**Prompt**. Your response should consist of the entries below, reproduced exactly and without their images.

(Beginning of Supplied records)

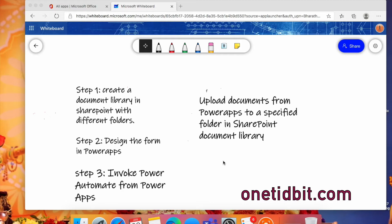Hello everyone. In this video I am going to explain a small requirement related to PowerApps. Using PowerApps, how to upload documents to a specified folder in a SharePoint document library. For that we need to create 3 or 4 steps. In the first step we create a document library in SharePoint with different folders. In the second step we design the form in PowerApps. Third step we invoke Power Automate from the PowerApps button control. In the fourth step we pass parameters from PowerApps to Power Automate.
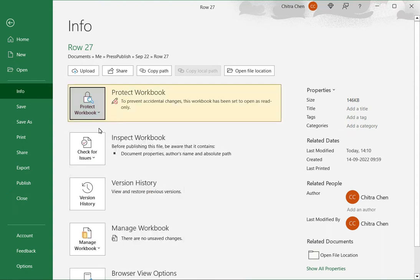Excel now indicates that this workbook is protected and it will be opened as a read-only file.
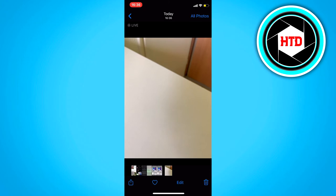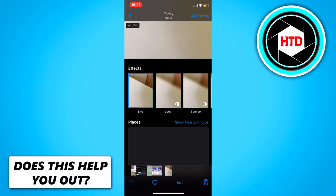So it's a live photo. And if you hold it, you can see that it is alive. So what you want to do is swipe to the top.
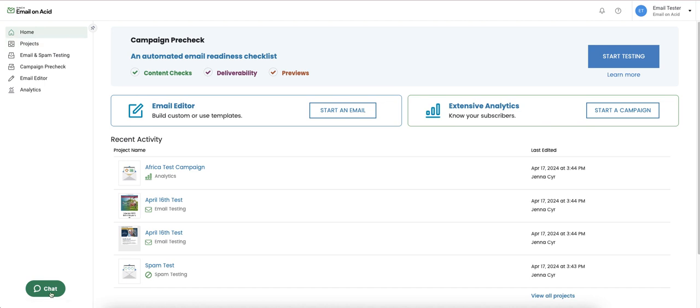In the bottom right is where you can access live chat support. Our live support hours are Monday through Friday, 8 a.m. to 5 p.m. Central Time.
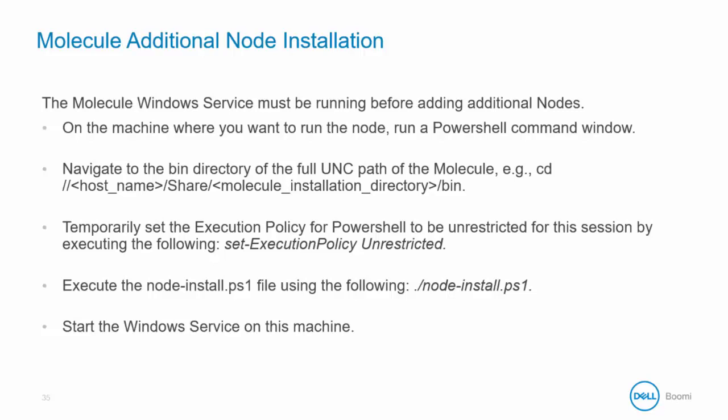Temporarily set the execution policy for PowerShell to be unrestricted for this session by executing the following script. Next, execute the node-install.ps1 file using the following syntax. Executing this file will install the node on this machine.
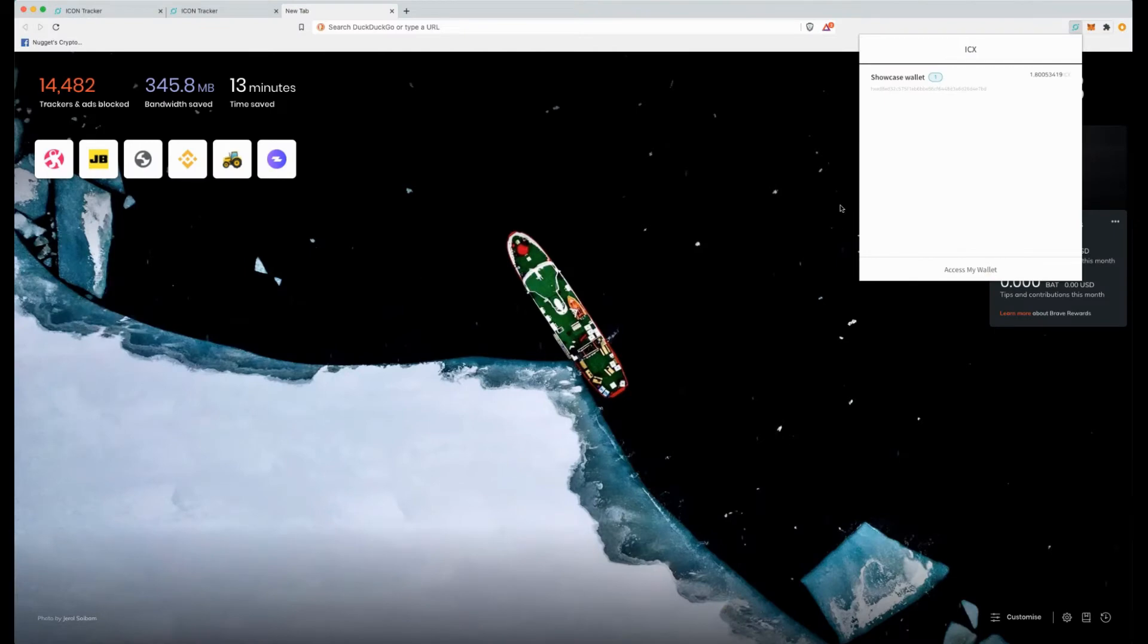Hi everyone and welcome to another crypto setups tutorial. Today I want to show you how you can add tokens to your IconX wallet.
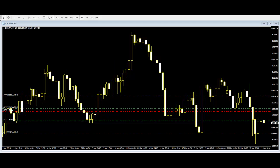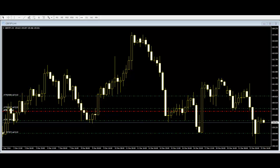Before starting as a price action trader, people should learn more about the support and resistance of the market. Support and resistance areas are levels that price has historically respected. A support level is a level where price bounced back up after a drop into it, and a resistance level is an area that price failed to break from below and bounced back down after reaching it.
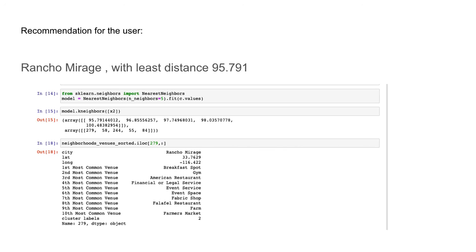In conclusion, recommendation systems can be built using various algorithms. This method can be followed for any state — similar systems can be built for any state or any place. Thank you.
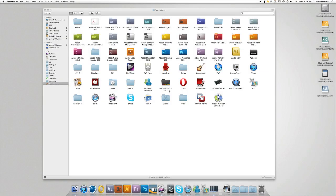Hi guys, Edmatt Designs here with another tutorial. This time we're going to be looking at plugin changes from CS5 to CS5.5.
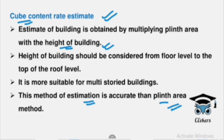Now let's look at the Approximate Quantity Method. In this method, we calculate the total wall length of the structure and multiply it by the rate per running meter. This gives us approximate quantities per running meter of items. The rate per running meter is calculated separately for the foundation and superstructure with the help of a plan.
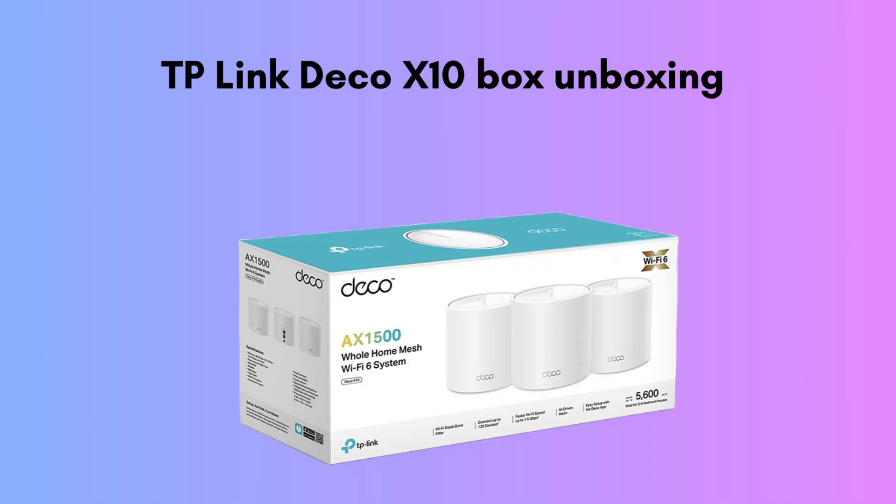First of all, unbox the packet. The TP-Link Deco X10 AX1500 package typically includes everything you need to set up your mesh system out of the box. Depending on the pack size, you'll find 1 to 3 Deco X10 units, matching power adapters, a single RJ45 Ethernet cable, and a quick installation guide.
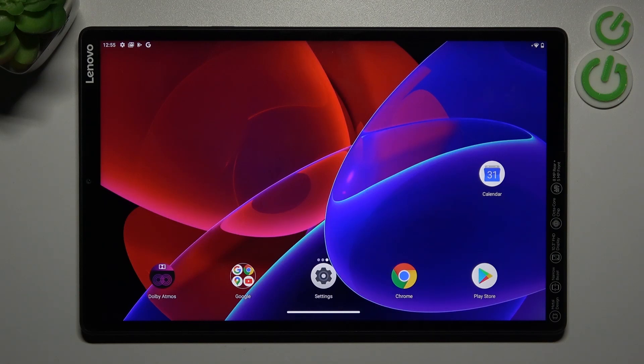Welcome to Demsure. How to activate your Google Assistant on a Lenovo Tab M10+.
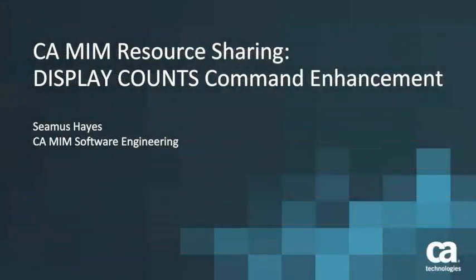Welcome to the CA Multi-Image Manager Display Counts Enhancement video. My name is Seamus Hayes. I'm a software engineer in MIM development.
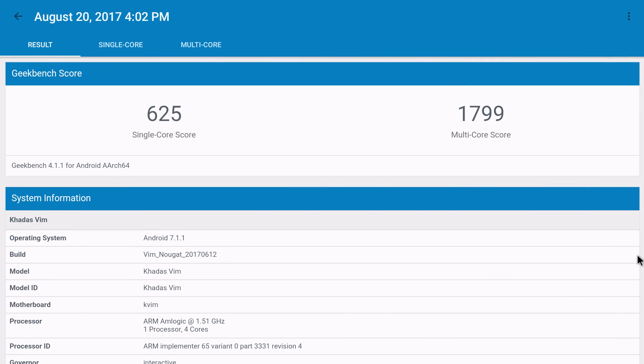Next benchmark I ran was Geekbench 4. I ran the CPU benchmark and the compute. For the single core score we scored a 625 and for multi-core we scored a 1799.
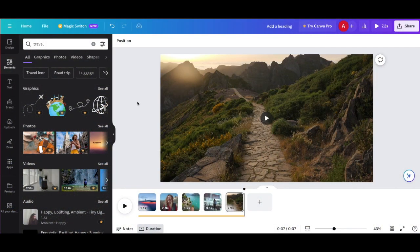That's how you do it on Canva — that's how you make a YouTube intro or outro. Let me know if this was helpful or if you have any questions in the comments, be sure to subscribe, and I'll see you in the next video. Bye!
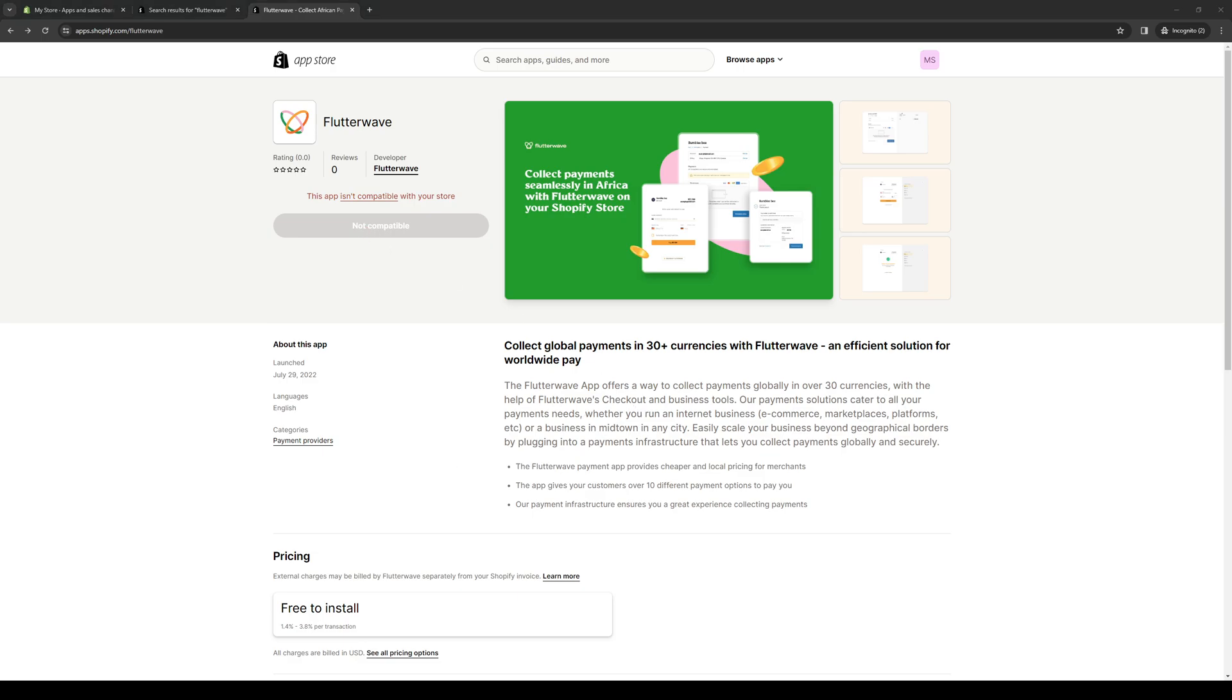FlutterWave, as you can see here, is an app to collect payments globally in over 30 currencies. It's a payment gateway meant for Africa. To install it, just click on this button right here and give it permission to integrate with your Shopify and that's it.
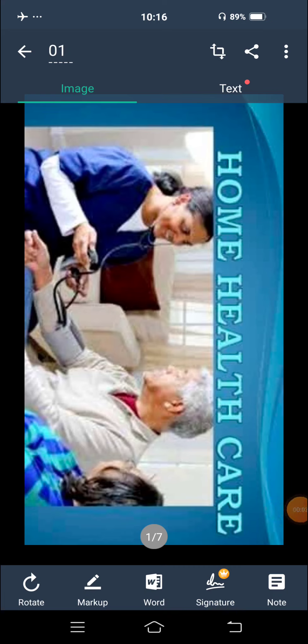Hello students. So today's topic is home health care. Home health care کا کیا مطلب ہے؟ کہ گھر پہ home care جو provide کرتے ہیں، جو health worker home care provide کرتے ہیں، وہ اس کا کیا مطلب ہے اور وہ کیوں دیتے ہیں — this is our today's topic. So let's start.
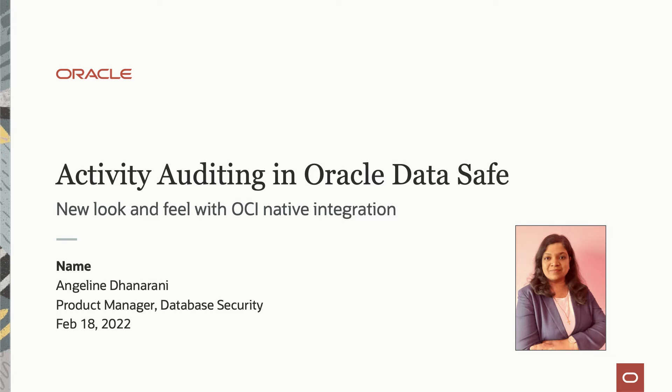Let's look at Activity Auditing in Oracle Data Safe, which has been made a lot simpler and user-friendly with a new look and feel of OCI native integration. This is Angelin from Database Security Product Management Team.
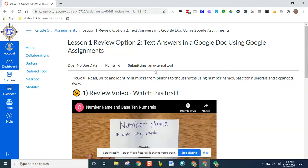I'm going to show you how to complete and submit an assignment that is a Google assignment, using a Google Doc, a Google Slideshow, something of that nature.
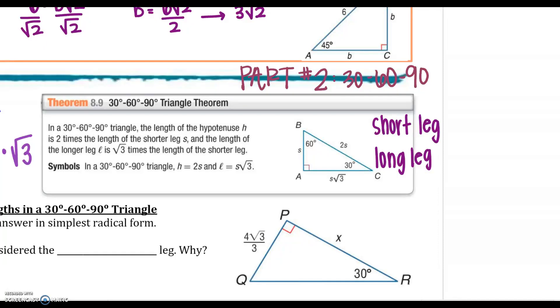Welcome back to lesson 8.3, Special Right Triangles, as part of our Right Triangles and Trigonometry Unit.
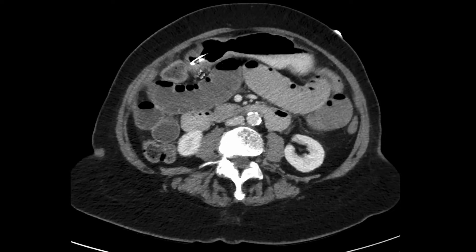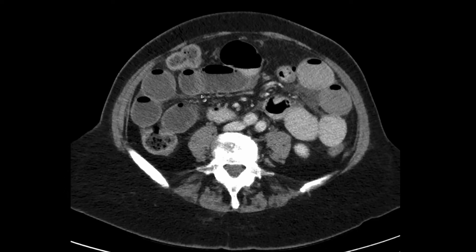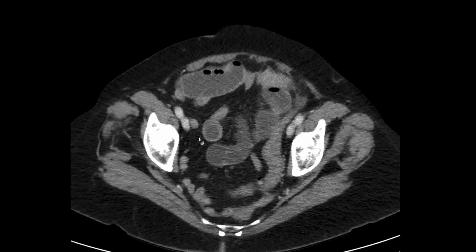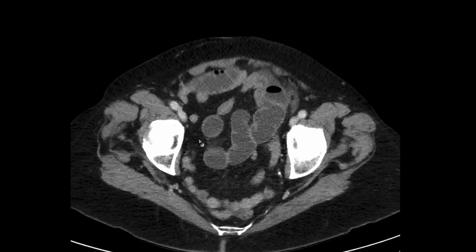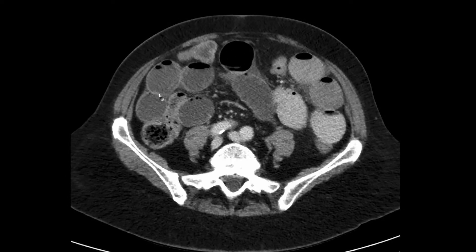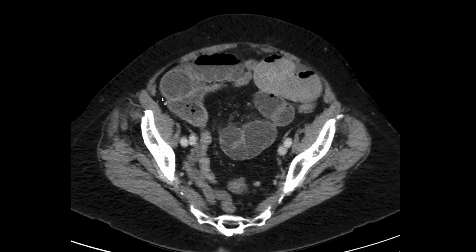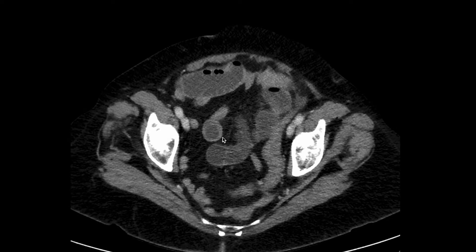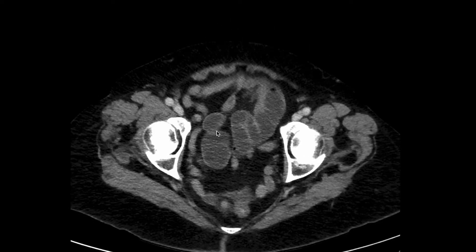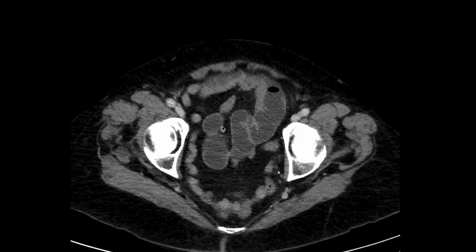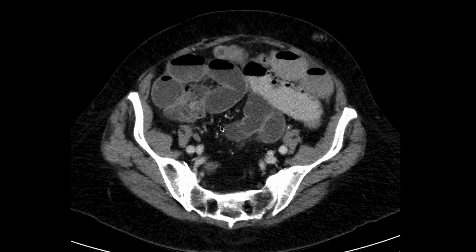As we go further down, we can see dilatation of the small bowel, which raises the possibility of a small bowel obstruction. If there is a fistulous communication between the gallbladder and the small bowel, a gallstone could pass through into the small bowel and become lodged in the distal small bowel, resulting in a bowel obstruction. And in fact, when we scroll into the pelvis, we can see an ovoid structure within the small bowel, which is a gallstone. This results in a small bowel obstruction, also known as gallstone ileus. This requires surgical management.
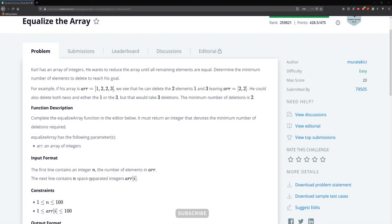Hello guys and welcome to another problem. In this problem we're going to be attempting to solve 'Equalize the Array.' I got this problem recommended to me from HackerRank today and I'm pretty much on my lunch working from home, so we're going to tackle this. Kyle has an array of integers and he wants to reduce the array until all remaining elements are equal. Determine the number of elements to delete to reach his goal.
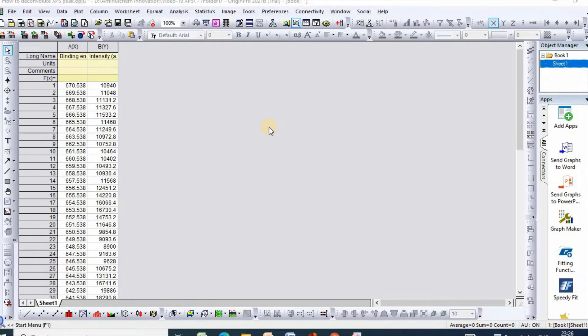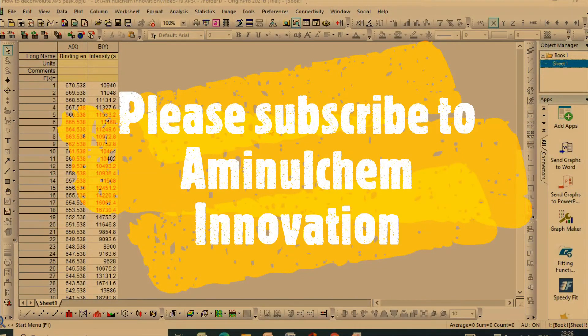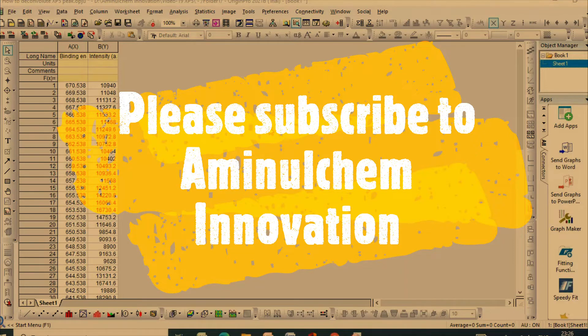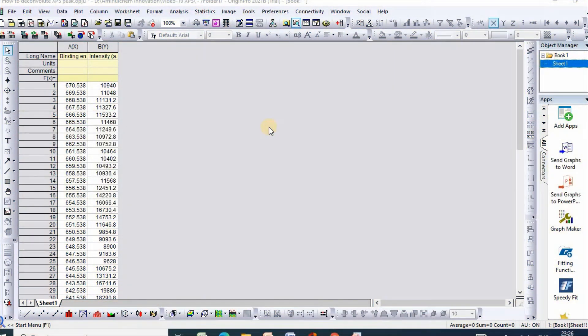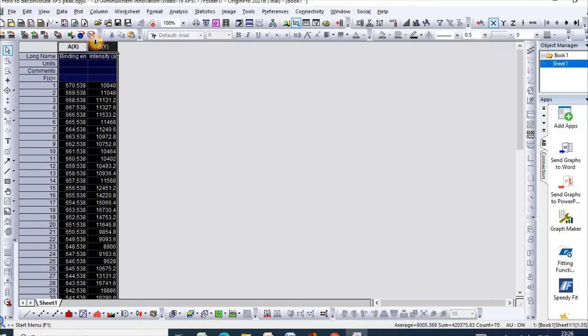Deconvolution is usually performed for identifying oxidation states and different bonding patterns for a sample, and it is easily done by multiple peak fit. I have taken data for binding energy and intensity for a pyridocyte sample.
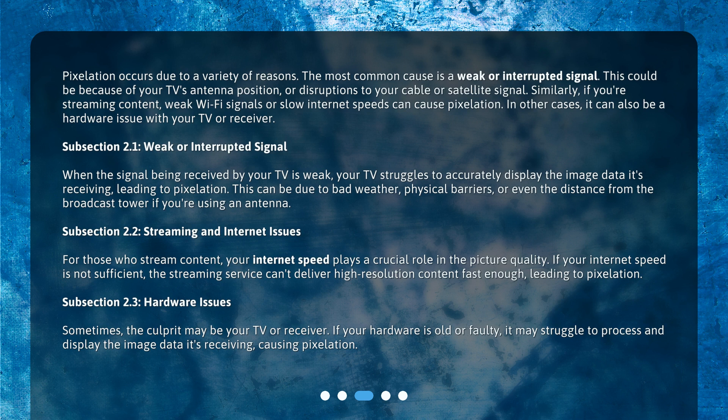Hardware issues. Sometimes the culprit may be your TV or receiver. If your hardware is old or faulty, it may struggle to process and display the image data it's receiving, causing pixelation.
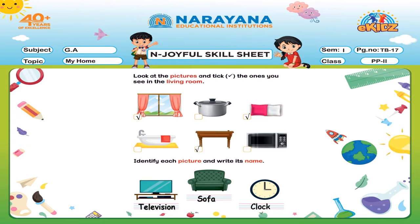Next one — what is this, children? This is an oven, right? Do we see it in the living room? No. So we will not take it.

(End of Supplied records)

**Answer for the task**.
Hello everyone. In this video I am going to explain a small requirement related to PowerApps. Using PowerApps, how to upload documents to a specified folder in a SharePoint document library. For that we need to create 3 or 4 steps. In the first step we create a document library in SharePoint with different folders. In the second step we design the form in PowerApps. Third step we invoke Power Automate from the PowerApps button control. In the fourth step we pass parameters from PowerApps to Power Automate.
Excel now indicates that this workbook is protected and it will be opened as a read-only file.
So it's a live photo. And if you hold it, you can see that it is alive. So what you want to do is swipe to the top.
In the bottom right is where you can access live chat support. Our live support hours are Monday through Friday, 8 a.m. to 5 p.m. Central Time.
Temporarily set the execution policy for PowerShell to be unrestricted for this session by executing the following script. Next, execute the node-install.ps1 file using the following syntax. Executing this file will install the node on this machine.
Hi everyone and welcome to another crypto setups tutorial. Today I want to show you how you can add tokens to your IconX wallet.
Before starting as a price action trader, people should learn more about the support and resistance of the market. Support and resistance areas are levels that price has historically respected. A support level is a level where price bounced back up after a drop into it, and a resistance level is an area that price failed to break from below and bounced back down after reaching it.
In conclusion, recommendation systems can be built using various algorithms. This method can be followed for any state — similar systems can be built for any state or any place. Thank you.
Hi guys, Edmatt Designs here with another tutorial. This time we're going to be looking at plugin changes from CS5 to CS5.5.
Now let's look at the Approximate Quantity Method. In this method, we calculate the total wall length of the structure and multiply it by the rate per running meter. This gives us approximate quantities per running meter of items. The rate per running meter is calculated separately for the foundation and superstructure with the help of a plan.
First of all, unbox the packet. The TP-Link Deco X10 AX1500 package typically includes everything you need to set up your mesh system out of the box. Depending on the pack size, you'll find 1 to 3 Deco X10 units, matching power adapters, a single RJ45 Ethernet cable, and a quick installation guide.
Welcome to Demsure. How to activate your Google Assistant on a Lenovo Tab M10+.
Welcome to the CA Multi-Image Manager Display Counts Enhancement video. My name is Seamus Hayes. I'm a software engineer in MIM development.
Next benchmark I ran was Geekbench 4. I ran the CPU benchmark and the compute. For the single core score we scored a 625 and for multi-core we scored a 1799.
That's how you do it on Canva — that's how you make a YouTube intro or outro. Let me know if this was helpful or if you have any questions in the comments, be sure to subscribe, and I'll see you in the next video. Bye!
FlutterWave, as you can see here, is an app to collect payments globally in over 30 currencies. It's a payment gateway meant for Africa. To install it, just click on this button right here and give it permission to integrate with your Shopify and that's it.
Hello students. So today's topic is home health care. Home health care کا کیا مطلب ہے؟ کہ گھر پہ home care جو provide کرتے ہیں، جو health worker home care provide کرتے ہیں، وہ اس کا کیا مطلب ہے اور وہ کیوں دیتے ہیں — this is our today's topic. So let's start.
Let's look at Activity Auditing in Oracle Data Safe, which has been made a lot simpler and user-friendly with a new look and feel of OCI native integration. This is Angelin from Database Security Product Management Team.
I'm going to show you how to complete and submit an assignment that is a Google assignment, using a Google Doc, a Google Slideshow, something of that nature.
Welcome back to lesson 8.3, Special Right Triangles, as part of our Right Triangles and Trigonometry Unit.
As we go further down, we can see dilatation of the small bowel, which raises the possibility of a small bowel obstruction. If there is a fistulous communication between the gallbladder and the small bowel, a gallstone could pass through into the small bowel and become lodged in the distal small bowel, resulting in a bowel obstruction. And in fact, when we scroll into the pelvis, we can see an ovoid structure within the small bowel, which is a gallstone. This results in a small bowel obstruction, also known as gallstone ileus. This requires surgical management.
Hello guys and welcome to another problem. In this problem we're going to be attempting to solve 'Equalize the Array.' I got this problem recommended to me from HackerRank today and I'm pretty much on my lunch working from home, so we're going to tackle this. Kyle has an array of integers and he wants to reduce the array until all remaining elements are equal. Determine the number of elements to delete to reach his goal.
Deconvolution is usually performed for identifying oxidation states and different bonding patterns for a sample, and it is easily done by multiple peak fit. I have taken data for binding energy and intensity for a pyridocyte sample.
Hardware issues. Sometimes the culprit may be your TV or receiver. If your hardware is old or faulty, it may struggle to process and display the image data it's receiving, causing pixelation.
Next one — what is this, children? This is an oven, right? Do we see it in the living room? No. So we will not take it.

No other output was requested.